Restate the data below word for word, keeping each line intact.

=== DATA BLOCK ===

↓

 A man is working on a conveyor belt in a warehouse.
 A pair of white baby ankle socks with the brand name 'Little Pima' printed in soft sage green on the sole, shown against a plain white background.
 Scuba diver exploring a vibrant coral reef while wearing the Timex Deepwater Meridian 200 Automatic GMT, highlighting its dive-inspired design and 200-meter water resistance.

↑

=== SOLVED EXERCISE ===
 A man is working on a conveyor belt in a warehouse.
 A pair of white baby ankle socks with the brand name 'Little Pima' printed in soft sage green on the sole, shown against a plain white background.
 Scuba diver exploring a vibrant coral reef while wearing the Timex Deepwater Meridian 200 Automatic GMT, highlighting its dive-inspired design and 200-meter water resistance.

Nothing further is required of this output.